Pai! Pai! Pai! Crash!

My scooter rental. 

Pai is pretty small and most of the “attractions” are just outside of town. Motorbikes and scooters are very common there and it’s pretty much the best way to get around. I was bit disappointed by this because I really did not want to rent a scooter. I’d never driven one and doing it for the first time in Thailand didn’t seem like a good idea.

I noticed a shop during my walk to the hostel advertising scooter lessons, I considered it as I walked by. An Australian girl was in my room when I arrived and she said she had taken the lesson and  it had really helped. I decided at the very  least I would do a lesson even if I didn’t rent a scooter. I settled in and headed back to town. The walk was really enjoyable without the pack!

I caught the guy about a half hour before his shop became a small pub. Ya, I know what you’re thinking. I asked for the lesson and off we went. He took me just off the main area so there would be few other on coming vehicles. First he gave me all the basics including some safety tips. Which brake was which, which way the handle accelerated, how to lean in a turn, etc. Then I drove very slowly a few feet at a time. When he was confident I had that down, I started to learn turns. Then he rode on the back of the scooter and we were off. He taught me some hills, a hill start, a u-turn and sharp turns and quick stops. For a 50 minute lesson, I thought he was very thorough. When he felt confident that I had it, I drove back to his shop with him on the back. He recommended which bike I should rent and off I went walking down the road to the rental place. It was a quick turn around. I went from I’m not going to rent one to I am actually renting one in a short hour.

It couldn’t be easier to rent a scooter in Pai. They didn’t even ask me if I had ever ridden before although I hear that is the only standard question. They ask you to pick a type of bike, pay, get insurance if you want, pick a helmet and then they keep your passport until you bring the bike back ( I was obviously less than happy about that last part but it is what it is).  It cost me 140 baht, including insurance and helmet per day. I felt nervous but excited and terrified.  I got the bike, tested out the controls to see how different it was from the one I had just practiced on and then started slowly riding. The rental place only gives you enough gas to get to the gas station which is at the other end of town. I only sort of knew how to get there, so I took my first left.
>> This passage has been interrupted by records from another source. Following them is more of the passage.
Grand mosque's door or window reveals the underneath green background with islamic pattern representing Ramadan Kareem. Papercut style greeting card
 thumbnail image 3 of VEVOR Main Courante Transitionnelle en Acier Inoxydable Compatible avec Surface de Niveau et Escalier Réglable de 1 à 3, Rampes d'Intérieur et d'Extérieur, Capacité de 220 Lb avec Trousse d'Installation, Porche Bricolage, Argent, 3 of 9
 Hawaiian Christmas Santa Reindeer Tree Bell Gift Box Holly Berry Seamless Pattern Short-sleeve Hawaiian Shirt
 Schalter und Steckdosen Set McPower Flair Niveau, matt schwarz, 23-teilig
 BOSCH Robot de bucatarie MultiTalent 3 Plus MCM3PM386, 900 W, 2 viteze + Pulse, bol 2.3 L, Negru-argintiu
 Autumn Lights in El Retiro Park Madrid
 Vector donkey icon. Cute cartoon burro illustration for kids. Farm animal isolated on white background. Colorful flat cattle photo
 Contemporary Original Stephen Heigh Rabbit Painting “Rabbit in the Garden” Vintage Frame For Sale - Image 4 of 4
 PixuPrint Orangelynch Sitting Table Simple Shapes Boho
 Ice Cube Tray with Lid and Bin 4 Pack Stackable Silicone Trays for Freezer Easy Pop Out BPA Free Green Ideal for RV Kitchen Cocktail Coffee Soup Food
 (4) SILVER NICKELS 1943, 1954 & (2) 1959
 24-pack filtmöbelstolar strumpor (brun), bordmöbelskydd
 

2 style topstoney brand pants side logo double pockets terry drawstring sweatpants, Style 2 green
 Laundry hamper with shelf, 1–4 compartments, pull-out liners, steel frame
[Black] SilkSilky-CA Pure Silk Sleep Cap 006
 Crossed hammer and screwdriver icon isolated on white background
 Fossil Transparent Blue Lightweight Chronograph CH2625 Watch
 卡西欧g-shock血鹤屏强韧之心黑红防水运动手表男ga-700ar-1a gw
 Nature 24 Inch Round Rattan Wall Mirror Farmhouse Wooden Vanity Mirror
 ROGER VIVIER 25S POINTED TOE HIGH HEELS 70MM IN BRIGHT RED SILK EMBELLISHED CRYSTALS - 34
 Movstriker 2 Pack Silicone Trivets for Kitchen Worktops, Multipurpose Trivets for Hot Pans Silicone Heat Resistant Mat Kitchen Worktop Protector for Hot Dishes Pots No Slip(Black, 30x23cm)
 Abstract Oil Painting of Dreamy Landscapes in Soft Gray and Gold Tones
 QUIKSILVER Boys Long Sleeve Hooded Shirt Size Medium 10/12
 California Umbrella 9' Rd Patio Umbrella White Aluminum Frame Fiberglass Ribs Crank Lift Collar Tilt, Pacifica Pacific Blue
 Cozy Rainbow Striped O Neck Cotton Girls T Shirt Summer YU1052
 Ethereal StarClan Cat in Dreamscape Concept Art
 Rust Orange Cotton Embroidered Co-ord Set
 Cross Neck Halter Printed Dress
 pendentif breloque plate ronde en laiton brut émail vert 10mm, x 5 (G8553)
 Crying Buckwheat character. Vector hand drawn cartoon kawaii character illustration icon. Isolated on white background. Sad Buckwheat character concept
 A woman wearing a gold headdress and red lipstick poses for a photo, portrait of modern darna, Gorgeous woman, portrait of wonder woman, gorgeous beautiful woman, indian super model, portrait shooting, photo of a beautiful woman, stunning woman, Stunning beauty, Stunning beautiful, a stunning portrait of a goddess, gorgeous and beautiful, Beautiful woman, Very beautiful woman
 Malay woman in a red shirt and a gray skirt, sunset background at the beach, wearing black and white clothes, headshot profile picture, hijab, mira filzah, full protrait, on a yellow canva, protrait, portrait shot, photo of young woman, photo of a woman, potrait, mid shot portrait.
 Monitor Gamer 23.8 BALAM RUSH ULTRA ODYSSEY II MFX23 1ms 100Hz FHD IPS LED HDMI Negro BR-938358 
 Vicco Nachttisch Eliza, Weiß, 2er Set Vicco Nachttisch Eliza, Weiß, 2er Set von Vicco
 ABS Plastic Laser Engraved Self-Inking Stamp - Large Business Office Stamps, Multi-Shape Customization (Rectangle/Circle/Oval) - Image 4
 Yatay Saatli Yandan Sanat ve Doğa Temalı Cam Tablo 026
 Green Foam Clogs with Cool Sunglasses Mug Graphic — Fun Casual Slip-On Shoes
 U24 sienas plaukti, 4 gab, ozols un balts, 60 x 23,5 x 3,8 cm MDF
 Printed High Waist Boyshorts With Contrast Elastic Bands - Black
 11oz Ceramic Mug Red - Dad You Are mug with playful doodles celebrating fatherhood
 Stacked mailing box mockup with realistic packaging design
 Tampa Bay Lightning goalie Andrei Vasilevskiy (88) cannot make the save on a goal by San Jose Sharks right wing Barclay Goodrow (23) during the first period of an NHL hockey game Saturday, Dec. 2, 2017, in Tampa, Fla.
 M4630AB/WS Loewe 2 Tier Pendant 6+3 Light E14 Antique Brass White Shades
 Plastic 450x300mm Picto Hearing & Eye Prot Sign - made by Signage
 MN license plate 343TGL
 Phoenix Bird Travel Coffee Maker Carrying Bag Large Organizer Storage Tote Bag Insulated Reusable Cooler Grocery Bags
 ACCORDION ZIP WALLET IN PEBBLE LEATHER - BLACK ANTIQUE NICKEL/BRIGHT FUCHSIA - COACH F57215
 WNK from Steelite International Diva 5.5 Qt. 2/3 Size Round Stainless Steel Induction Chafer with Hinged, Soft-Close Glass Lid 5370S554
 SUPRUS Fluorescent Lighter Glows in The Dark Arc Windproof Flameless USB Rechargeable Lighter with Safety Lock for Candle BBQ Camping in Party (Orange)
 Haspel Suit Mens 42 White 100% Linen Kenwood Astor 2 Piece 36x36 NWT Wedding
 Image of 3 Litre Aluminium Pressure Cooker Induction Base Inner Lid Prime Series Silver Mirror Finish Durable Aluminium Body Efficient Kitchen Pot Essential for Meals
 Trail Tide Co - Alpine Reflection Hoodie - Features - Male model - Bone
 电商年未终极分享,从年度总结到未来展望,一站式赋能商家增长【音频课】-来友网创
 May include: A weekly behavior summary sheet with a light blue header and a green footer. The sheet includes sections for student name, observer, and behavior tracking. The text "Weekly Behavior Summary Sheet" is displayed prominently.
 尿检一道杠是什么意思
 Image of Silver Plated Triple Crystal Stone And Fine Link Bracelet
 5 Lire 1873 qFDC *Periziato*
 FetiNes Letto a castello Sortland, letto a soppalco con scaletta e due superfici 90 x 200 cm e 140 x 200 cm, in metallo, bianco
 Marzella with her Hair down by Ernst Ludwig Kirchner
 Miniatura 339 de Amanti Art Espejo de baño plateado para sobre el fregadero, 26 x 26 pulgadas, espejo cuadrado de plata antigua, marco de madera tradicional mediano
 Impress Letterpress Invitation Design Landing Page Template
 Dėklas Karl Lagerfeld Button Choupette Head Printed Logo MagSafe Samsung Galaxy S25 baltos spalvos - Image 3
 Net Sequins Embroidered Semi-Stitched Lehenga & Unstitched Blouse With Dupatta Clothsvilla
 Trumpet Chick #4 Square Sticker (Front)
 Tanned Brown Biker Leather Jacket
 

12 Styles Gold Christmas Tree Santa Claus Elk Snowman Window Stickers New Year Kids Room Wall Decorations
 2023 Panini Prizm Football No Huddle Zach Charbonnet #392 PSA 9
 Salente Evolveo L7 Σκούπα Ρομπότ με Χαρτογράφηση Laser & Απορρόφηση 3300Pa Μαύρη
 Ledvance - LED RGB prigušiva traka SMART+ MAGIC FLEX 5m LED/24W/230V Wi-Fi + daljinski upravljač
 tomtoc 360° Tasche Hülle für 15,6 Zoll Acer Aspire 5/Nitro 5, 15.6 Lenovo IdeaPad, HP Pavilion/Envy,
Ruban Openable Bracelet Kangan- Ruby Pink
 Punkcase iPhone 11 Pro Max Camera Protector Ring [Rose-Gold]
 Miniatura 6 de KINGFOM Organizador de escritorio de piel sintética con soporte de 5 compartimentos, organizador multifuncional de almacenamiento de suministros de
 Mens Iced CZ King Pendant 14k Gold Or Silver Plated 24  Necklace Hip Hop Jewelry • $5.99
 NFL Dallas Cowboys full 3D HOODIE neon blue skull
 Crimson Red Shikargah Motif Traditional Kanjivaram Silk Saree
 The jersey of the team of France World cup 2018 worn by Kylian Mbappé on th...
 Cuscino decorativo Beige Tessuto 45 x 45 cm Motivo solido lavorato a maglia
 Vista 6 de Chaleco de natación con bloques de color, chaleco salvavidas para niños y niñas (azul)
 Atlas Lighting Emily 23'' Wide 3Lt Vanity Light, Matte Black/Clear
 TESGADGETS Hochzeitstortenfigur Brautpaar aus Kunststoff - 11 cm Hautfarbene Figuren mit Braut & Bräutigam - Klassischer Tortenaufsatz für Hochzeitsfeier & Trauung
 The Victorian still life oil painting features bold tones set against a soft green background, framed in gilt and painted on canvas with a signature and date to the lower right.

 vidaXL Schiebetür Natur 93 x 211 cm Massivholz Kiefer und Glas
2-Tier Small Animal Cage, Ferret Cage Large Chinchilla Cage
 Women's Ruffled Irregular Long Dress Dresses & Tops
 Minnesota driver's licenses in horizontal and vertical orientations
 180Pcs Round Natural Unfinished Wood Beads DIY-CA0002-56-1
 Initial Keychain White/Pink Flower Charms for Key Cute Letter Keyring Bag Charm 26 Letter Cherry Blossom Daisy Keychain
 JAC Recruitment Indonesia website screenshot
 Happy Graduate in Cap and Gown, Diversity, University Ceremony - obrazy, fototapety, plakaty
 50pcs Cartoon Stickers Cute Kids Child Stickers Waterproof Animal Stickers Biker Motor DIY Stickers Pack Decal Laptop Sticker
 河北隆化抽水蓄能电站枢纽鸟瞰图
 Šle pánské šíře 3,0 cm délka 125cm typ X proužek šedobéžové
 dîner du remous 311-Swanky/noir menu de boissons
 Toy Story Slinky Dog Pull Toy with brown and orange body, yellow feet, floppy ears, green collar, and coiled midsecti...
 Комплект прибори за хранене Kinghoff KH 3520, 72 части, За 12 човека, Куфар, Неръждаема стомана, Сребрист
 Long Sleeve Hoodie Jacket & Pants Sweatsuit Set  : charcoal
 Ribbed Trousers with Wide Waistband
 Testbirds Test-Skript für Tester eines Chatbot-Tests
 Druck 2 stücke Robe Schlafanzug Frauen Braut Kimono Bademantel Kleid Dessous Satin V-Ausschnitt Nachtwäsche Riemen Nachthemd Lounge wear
At the end I came out at a precarious spot. It was a slight hill and a tough right hand turn into traffic (they drive on the left in Thailand). I got nervous and wished I had picked a different street to take. Other scooters were passing me on both sides as I waited for the coast to be clear. I thought it was, so I went and immediately crashed into two parked scooters with a wide turn. A truck had appeared out of nowhere so I accelerated too much and couldn’t turn all the way. I was dumbstruck. I had had this scooter less than five minutes and I crashed. Luckily I was unharmed, except for a miniature scratch on my ankle that I didn’t notice until the following day.  However, the bike I crashed into, I really only hit one of the two, didn’t seem like it was ok. I slowly dragged the bike back and was relieved to find that there was no damage to the other bike as two Thai women came out of the building furious, as they should have been. They checked out the bike and waved me off when they realized no harm was done.  I was rattled but I still needed gas. I went uber slow to the station and then drove the few kilometers back to the hostel. It was only then that I examined my bike. The front fender was damaged but I noticed some zip ties on it, so I determined that wasn’t from me. There was a hole in the front of the bike that looked like it could be from me, but I didn’t thoroughly examine the bike when I got it (mistake) so it was hard to tell. I made it back to the hostel and didn’t drive the scooter the whole following day. I was freaked out.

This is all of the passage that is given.